> AIM OF THE TASK
Exactly as written, retype the lines that run from the line holding "ECGs Made Easy" through the end of the records below. Do not include pictures.

Saved entries:

========

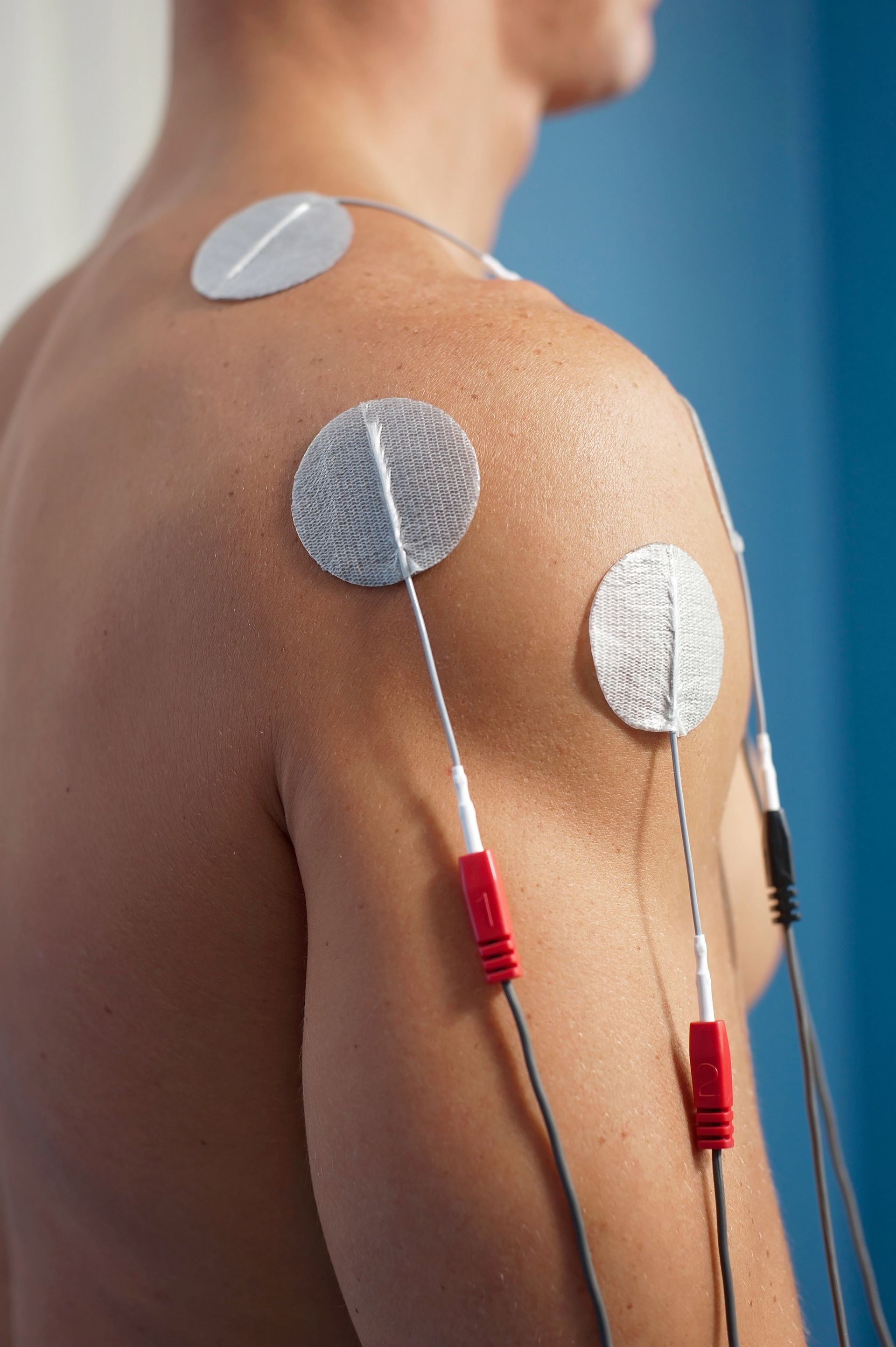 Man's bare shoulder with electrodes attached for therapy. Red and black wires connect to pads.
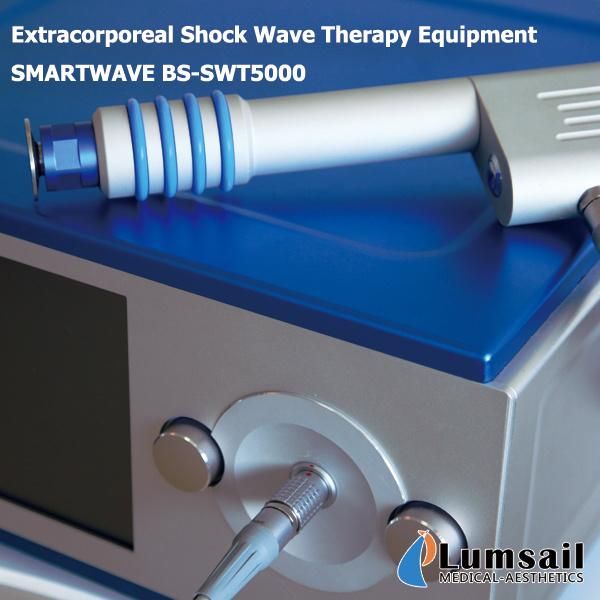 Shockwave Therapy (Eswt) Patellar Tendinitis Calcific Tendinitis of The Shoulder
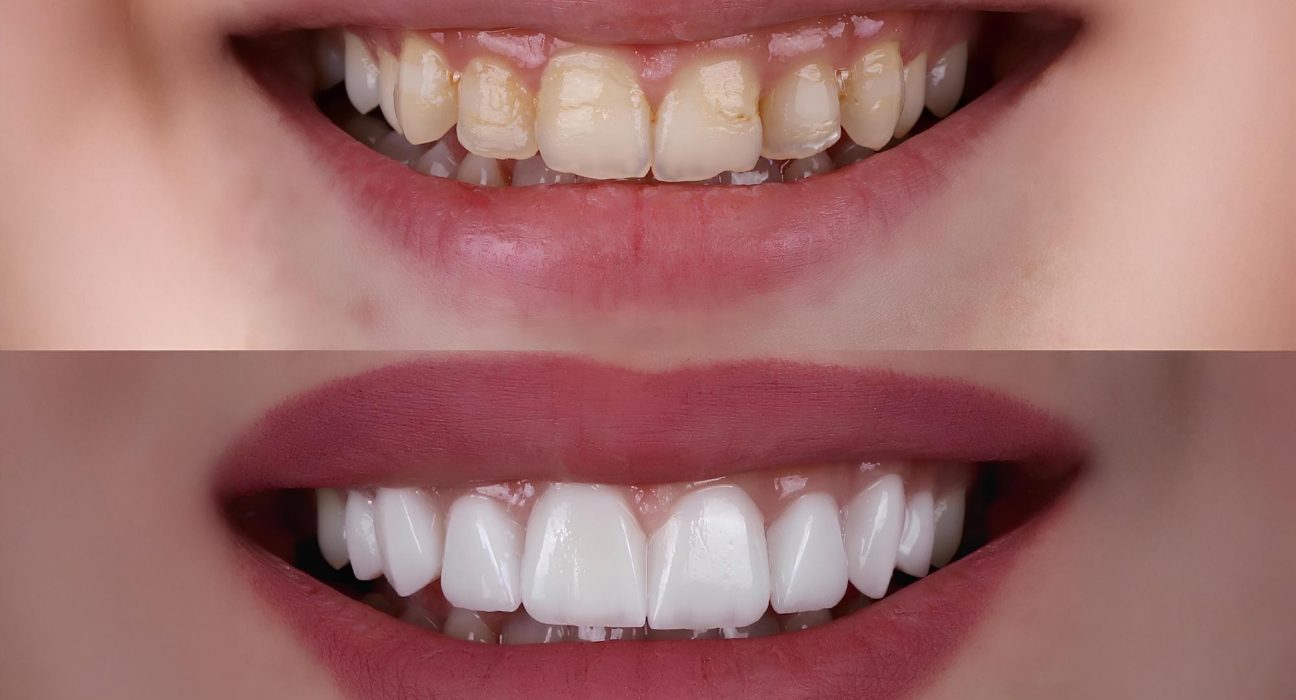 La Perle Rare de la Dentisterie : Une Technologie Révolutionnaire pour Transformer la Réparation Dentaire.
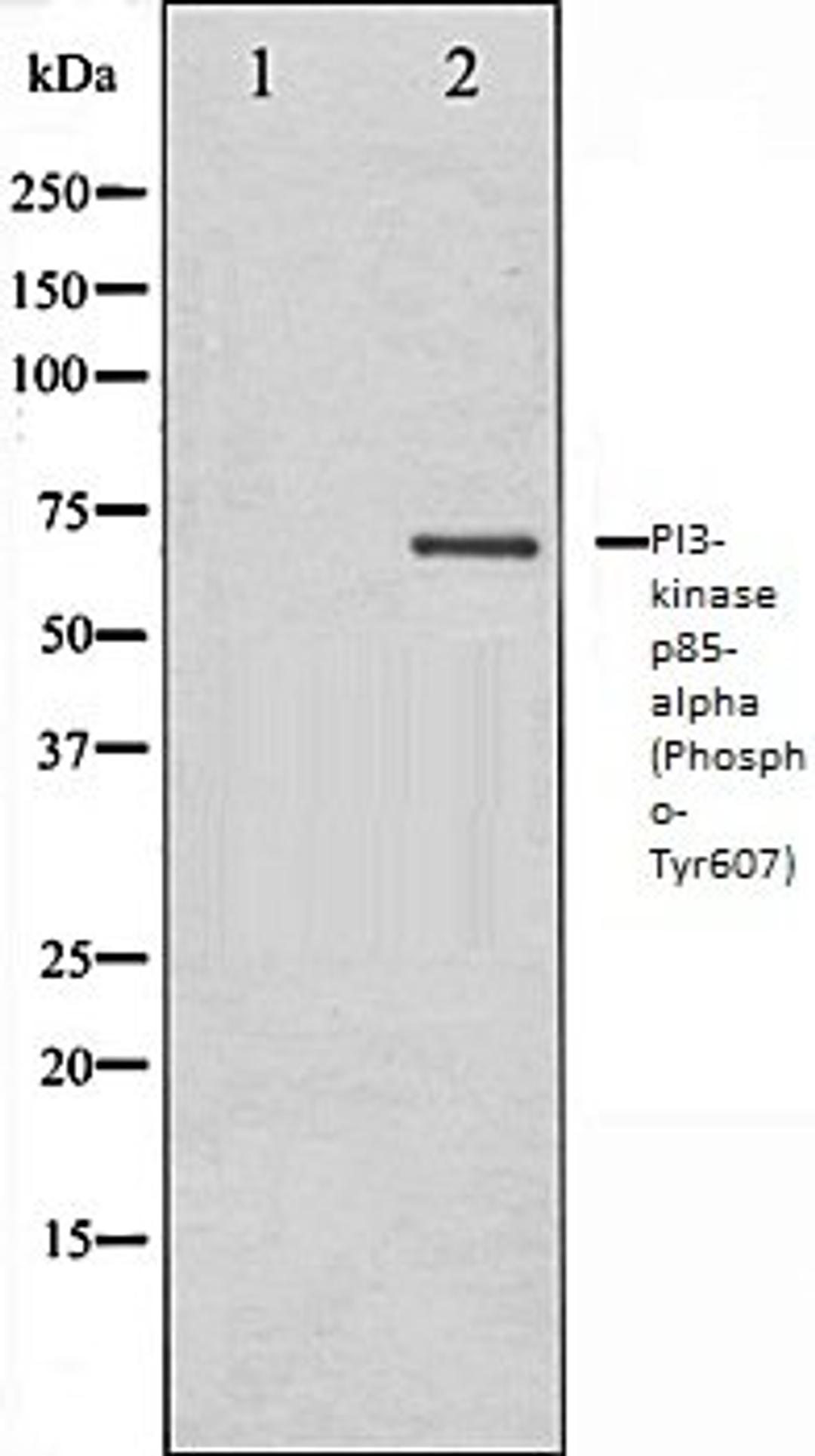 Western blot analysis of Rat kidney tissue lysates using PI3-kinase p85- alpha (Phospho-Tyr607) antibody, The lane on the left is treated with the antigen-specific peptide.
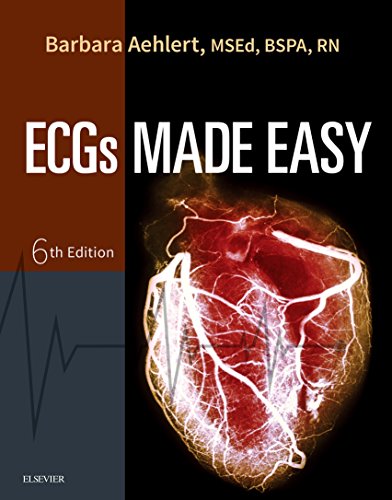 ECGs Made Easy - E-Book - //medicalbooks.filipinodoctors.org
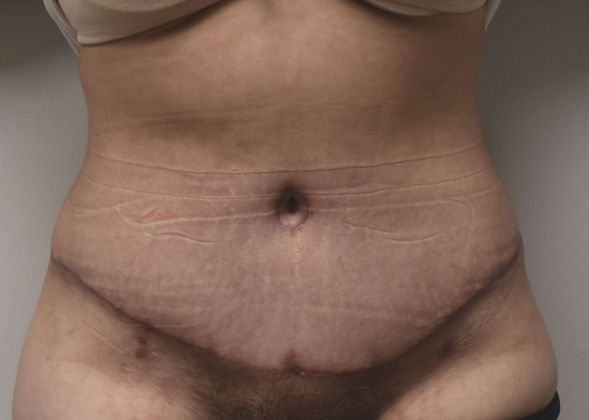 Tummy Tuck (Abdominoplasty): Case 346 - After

========

> EXERCISE RESPONSE
 ECGs Made Easy - E-Book - //medicalbooks.filipinodoctors.org
 Tummy Tuck (Abdominoplasty): Case 346 - After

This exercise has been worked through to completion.